#### Data excerpts

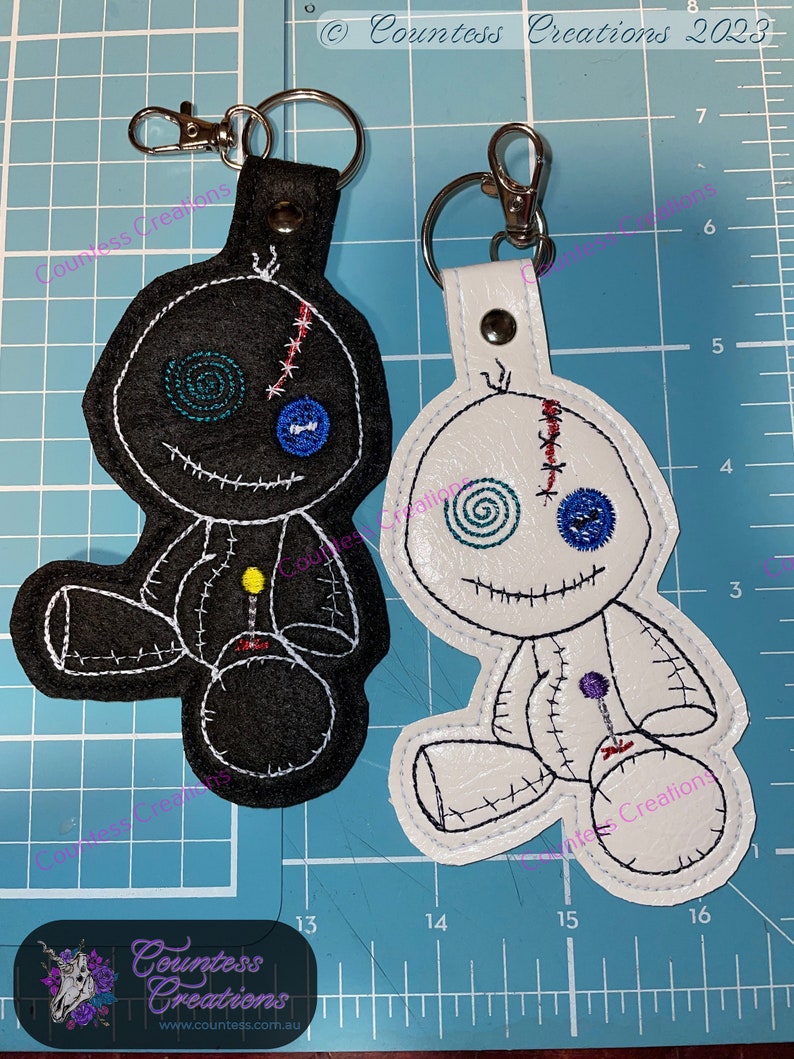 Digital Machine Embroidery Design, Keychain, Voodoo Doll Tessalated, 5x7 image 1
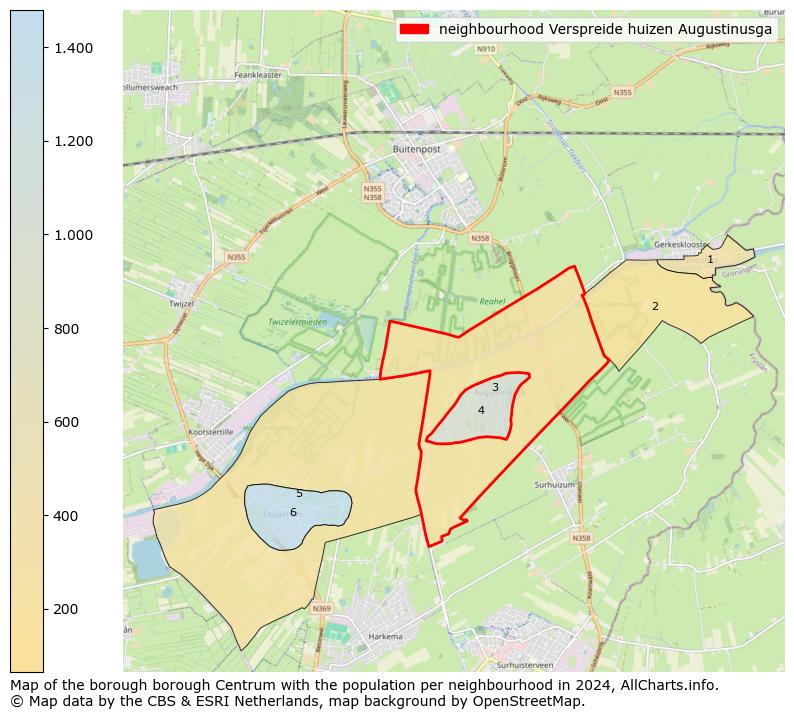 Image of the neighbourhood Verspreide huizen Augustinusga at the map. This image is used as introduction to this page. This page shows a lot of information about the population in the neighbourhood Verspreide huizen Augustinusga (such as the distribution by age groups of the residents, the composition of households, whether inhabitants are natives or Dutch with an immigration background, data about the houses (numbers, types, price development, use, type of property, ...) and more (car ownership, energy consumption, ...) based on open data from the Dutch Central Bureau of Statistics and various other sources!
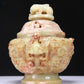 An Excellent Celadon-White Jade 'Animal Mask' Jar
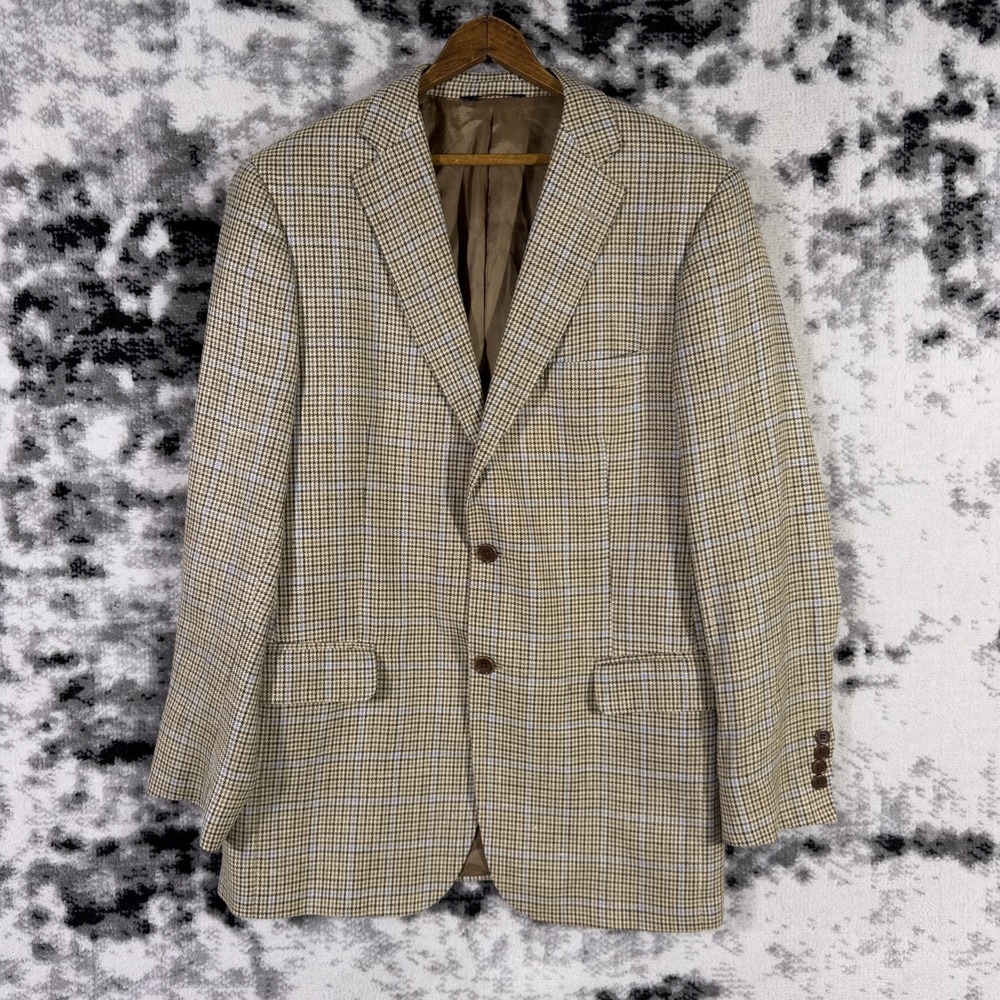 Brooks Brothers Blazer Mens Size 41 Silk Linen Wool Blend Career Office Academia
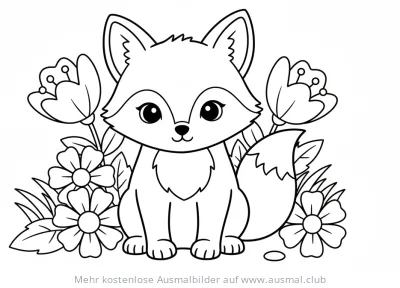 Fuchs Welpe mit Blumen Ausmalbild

########

» Task objective
Output all the entries above verbatim, please. No images.

» Reply to the exercise
 Digital Machine Embroidery Design, Keychain, Voodoo Doll Tessalated, 5x7 image 1
 Image of the neighbourhood Verspreide huizen Augustinusga at the map. This image is used as introduction to this page. This page shows a lot of information about the population in the neighbourhood Verspreide huizen Augustinusga (such as the distribution by age groups of the residents, the composition of households, whether inhabitants are natives or Dutch with an immigration background, data about the houses (numbers, types, price development, use, type of property, ...) and more (car ownership, energy consumption, ...) based on open data from the Dutch Central Bureau of Statistics and various other sources!
 An Excellent Celadon-White Jade 'Animal Mask' Jar
 Brooks Brothers Blazer Mens Size 41 Silk Linen Wool Blend Career Office Academia
 Fuchs Welpe mit Blumen Ausmalbild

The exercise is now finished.